China is the world’s largest power producer and polluter. China has electricity generation capacity of over 1,250 gigawatts or GW, over 20% of the whole world’s. Around 70% of this capacity is fired by coal, generating around 80% of China’s electricity output. With a view to diversify its energy sources, China is investing in other sources of energy—including renewables and nuclear energy. China’s nuclear power generation capacity has grown by over 50 GW (around 25%) between 2012 and 2014. On the other hand, conventional thermal capacity (mainly fired by coal) has grown by 12.8%. China’s energy policy and economic growth are two key driving factors for further additions to nuclear power capacity in the country.
India currently has nuclear power capacity of 5.3 GW. While India’s energy needs are growing, fuel security remains a key concern with domestic coal production falling short of demand. To diversify energy sources, India plans to double its nuclear power capacity by 2017. With electricity consumption expected to double over the next two decades, nuclear energy will play a significant role in the country’s energy mix.

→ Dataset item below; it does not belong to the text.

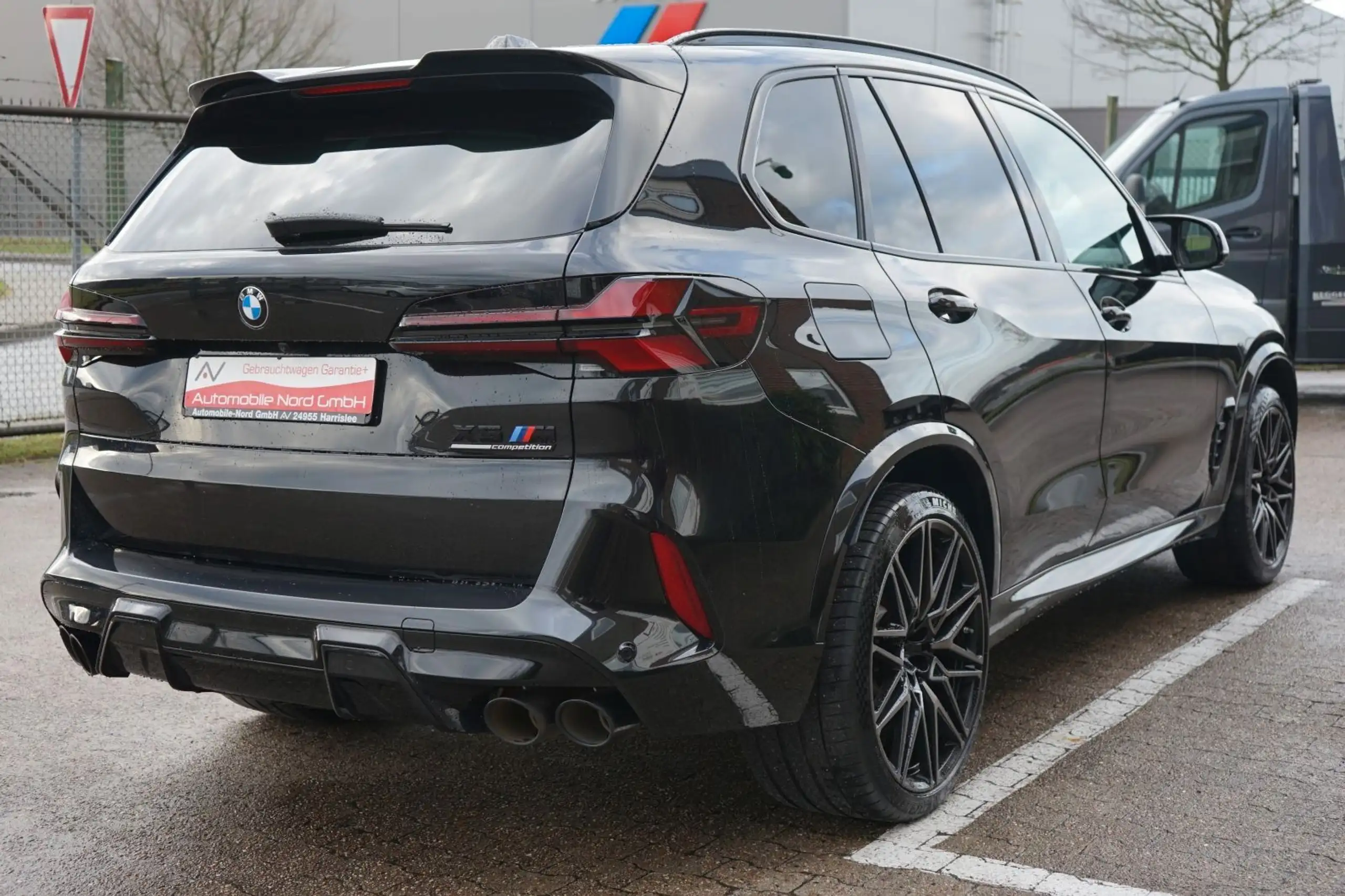 BMW - X5 M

India and the US agreed on co-operation for India’s civil nuclear program in 2008.
Some challenges—such as disagreement over liability in accidents and public protests against planned nuclear plants—remain. However, India’s new government is stressing reforms in the energy sector. Companies such as General Electric (GE), Areva, and Westinghouse Electric Company have bagged contracts to build new nuclear power plants in India. GE is a part of various ETFs, including the SPDR S&P 500 ETF (SPY) and the Industrial Select Sector SPDR ETF (XLI).
Five nuclear plants with total capacity of 6 GW are currently under construction in the US. Further, another 18 plants with capacity of 27.6 GW are planned or proposed. The plants under construction are being built for Southern Nuclear Operating Company (SO), Tennessee Valley Authority, and South Carolina Electric and Gas Company (SCG).
In short, China, India, other developing countries, and the US are the best bets for nuclear reactor manufacturers as other developed countries move away from nuclear power.